Apple oder Win kann man dir nicht beantworten beide Seiten haben Fanboys und es endet hier wie immer in einem ewigen gezankt leider 
Nimm das Macbook wenn dir die Geniale Software gefällt win wenn es günstiger mit gleichen Leistungswerten auf dem Papier (Macbook hat gefühlt mehr Leistung weil es halt abgestimmt ist als ein technisch gleich wertes Win Gerät).


----------



## OSche (18. Juni 2012)

Nimm das was die besser gefaellt, fuer MacBooks sprechen die Akkulaufzeit und Verarbeitung, dafuer musst du halt ein bisschen mehr abdruecken. 
Als Win-Alternative koenntest du dir die aktuellen Dell Notebooks anschauen, 13 Zoeller sind leider immer etwas teuerer, 14 - 15 Zoeller bekommst du mit ordentlicher Hardware schon fuer 899.
Wenn dir Mac aber vom OS besser gefaellt, wuerde ich an deiner Stelle den Mac nehmen.



joel3214 schrieb:


> Apple oder Win kann man dir nicht beantworten beide Seiten haben Fanboys und es endet hier wie immer in einem ewigen gezankt leider
> Nimm das Macbook wenn dir die Geniale Software gefällt win wenn es günstiger mit gleichen Leistungswerten auf dem Papier (Macbook hat gefühlt mehr Leistung weil es halt abgestimmt ist als ein technisch gleich wertes Win Gerät).

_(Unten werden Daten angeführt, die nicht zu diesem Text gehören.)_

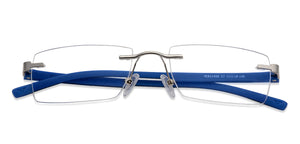 Silver Rectangle Rimless Unisex Eyeglasses by Lenskart Air Online-129886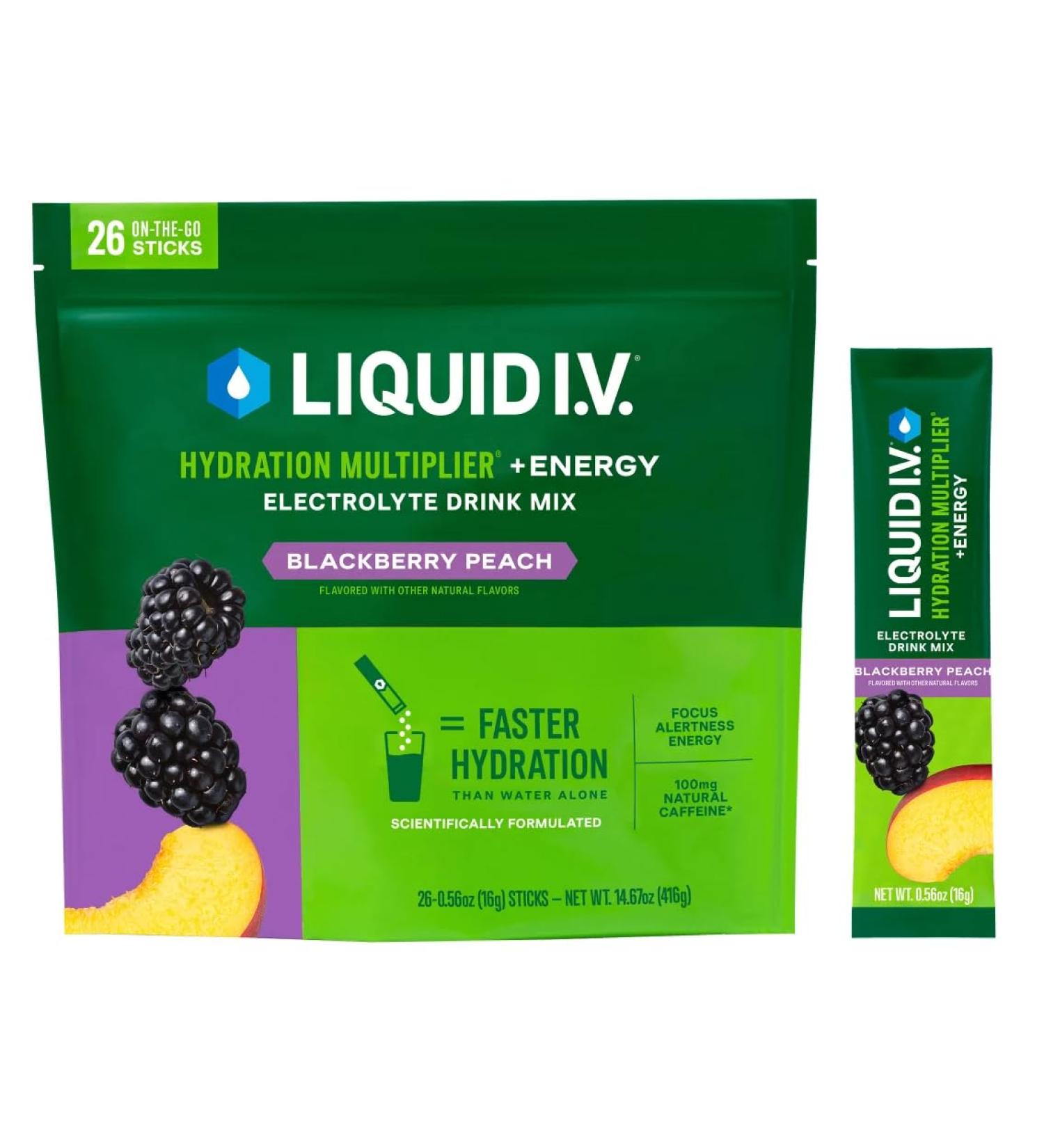 Liquid I.V Hydration Multiplier PLUS Energy Drink Mix - 26 Individual Stick Packets - Delicious Blackberry Peach Flavor - 416 Grams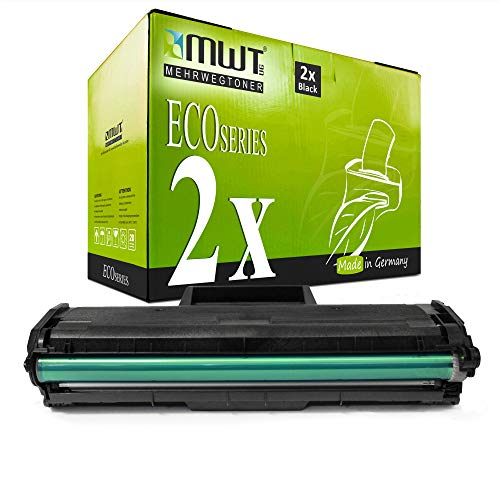 Eine schwarze Tonerkassette liegt vor einer grünen MWT Eco Series Box mit Aufschrift.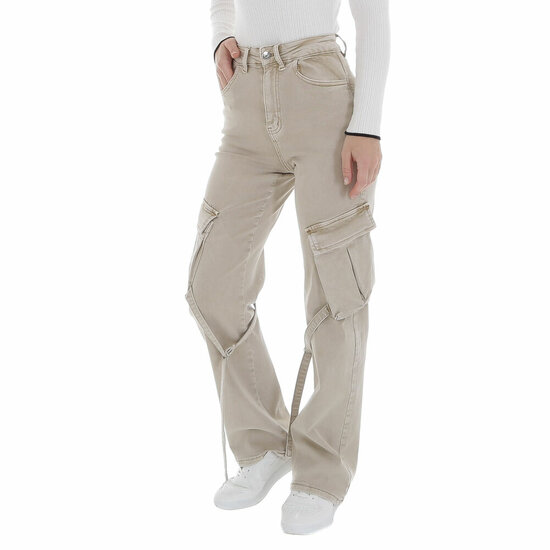 Trendy beige cargo broek in denim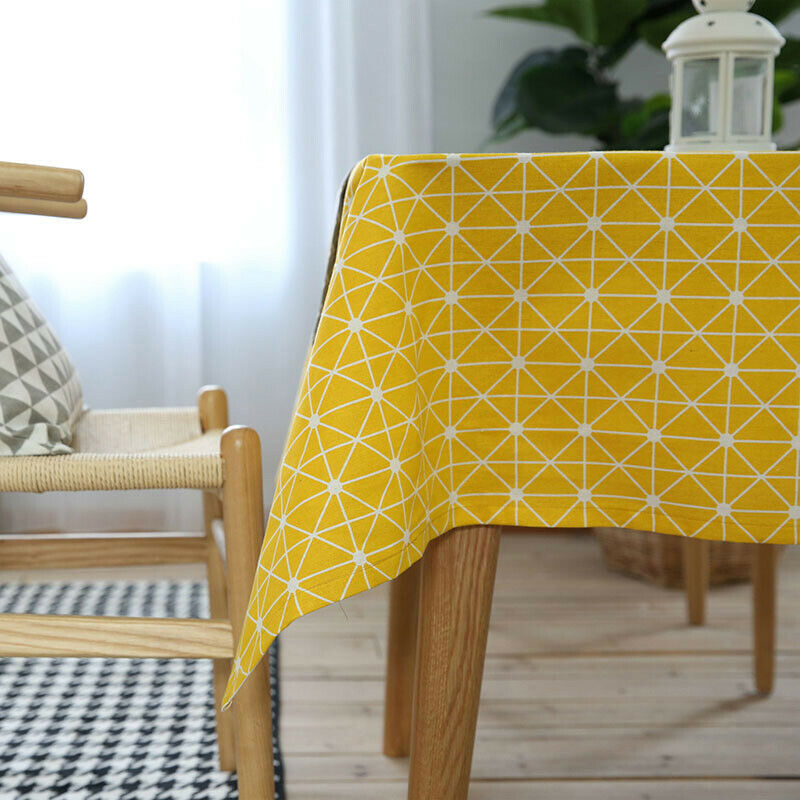 Yellow Chessboard Decorative Table Cloth Cotton Linen Tablecloth Dining Tab T2M6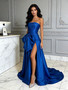 Shop 2026 ANNAKOO Strapless Satin Blue A Line Bow Prom Dress With Slit Under 198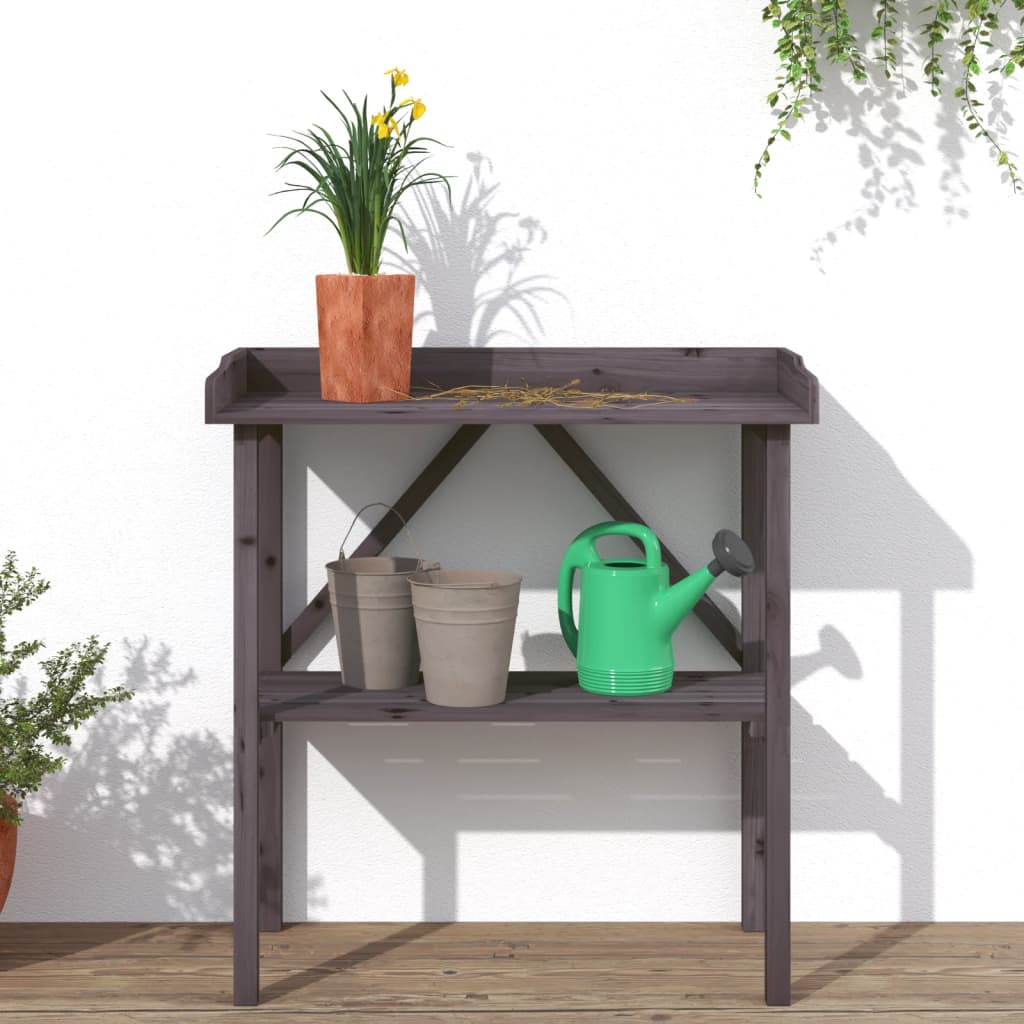 vidaXL Plant Table with Shelf Grey 78x38x82.5 cm Solid Wood Fir 3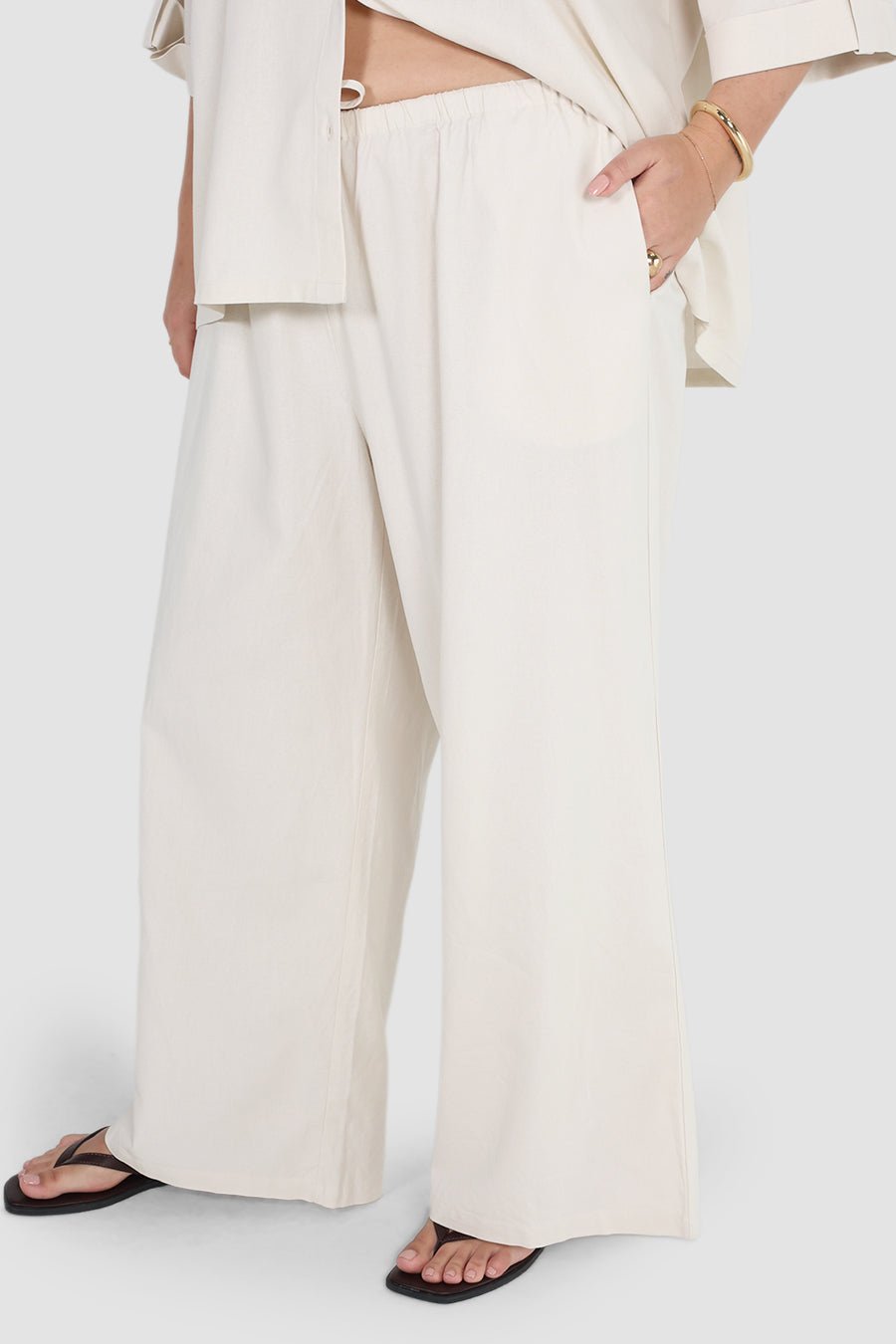BYRON WIDE LEG PANT VANILLA - Fayt The Label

Und auch wenn es jetzt wie angekuendigt losgeht, geniale Software ist sehr subjektiv von dir, hatte noch nie Probleme mit Windows.
2. Das mit dem schneller sein stimmt heutzutage nicht mehr, schau dir bitte mal aktuelle Benchmarks in der C'T an, vergleichbar ausgestattete MBs und Wintel Geraete sind in allen Benchmarks gleich auf, beim Videorendern ist Windows im Moment sogar einen Tick schneller ...


----------



## joel3214 (19. Juni 2012)

Darum habe ich auch gefühlte schneller geschrieben habe denn Workflow gemeint.
Habe auch keine Probleme mit Windows aber unter Mac os leuft einfach alles besser zusammen nutz mal PS auf mac und dann wieder auf Win waren für mich Welten im zusammenspiele mit weiteren Programmen und dem Workflow.
Das  ein 2ghz i7 gleich schnell im selben Programm rendert unter beiden Systemen sollte klar sein, wenn nicht schlammt eine Firma ganz schön


----------



## ChrisDeger (19. Juni 2012)

meiner meinung nach, ist des mb maßlos überteuert, aber das musst du ja wissen.
ich würde an deiner stelle eher zu einem aktuellen ultrabook tendieren


----------



## Falk (20. Juni 2012)

Ich habe ein ASUS UX32Vd, welches ja eine ähnliche wenn nicht die selbe CPU hat, und zocken würde ich damit nicht. Die normalen Macbook Pro 13,3 haben übrigens keine ULV-Prozessoren.


----------



## turbosnake (20. Juni 2012)

Da sich OSX immer mehr zu einem geschlossen System entickelt und mir das nicht gefällt würde ich mir kein Macbook (mehr) kaufen.


----------



## AeroX (20. Juni 2012)

LeCPU schrieb:
			
		

> Guten Abend,
> 
> ich bin schon seit einiger Zeit auf der Suche nach einem Laptop für die Schule und später auch für die Uni.
> Nun haben es mir die MB Pros schon ganz schön angetan... Nur der Preis ist halt schon relativ hoch! Dafür hat man allerdings auch eine gute Qualität.
> ...


----------



## Iceananas (20. Juni 2012)

@AeroX: dein Post ist irgendwie schiefgegangen 

@Topic: welches NB das "bessere" ist liegt wirklich im Auge des Betrachters. Die Macbooks leben, wie schon höchst euphemistisch angedeutet, von seiner Software, der Verarbeitung und seiner (mittlerweile nicht mehr vorhandenen) Exlusivität. Das mit dem Workflow kann ich nur bedingt bestätigen. Wie schnell man arbeitet hängt immer noch mit dem eigenen Können ab. Wer z.B. in Officeprogramme Tastenkürzeln beherrscht ist bei Windows um ein Vielfaches schneller als einer auf dem Mac, der es nicht kann. Von daher kann man sowas nicht pauschal behaupten. Sachen wie Multitouch Gesten mögen ja nett sein, aber für Produktivität wird in Firmen auch meist Windows eingesetzt.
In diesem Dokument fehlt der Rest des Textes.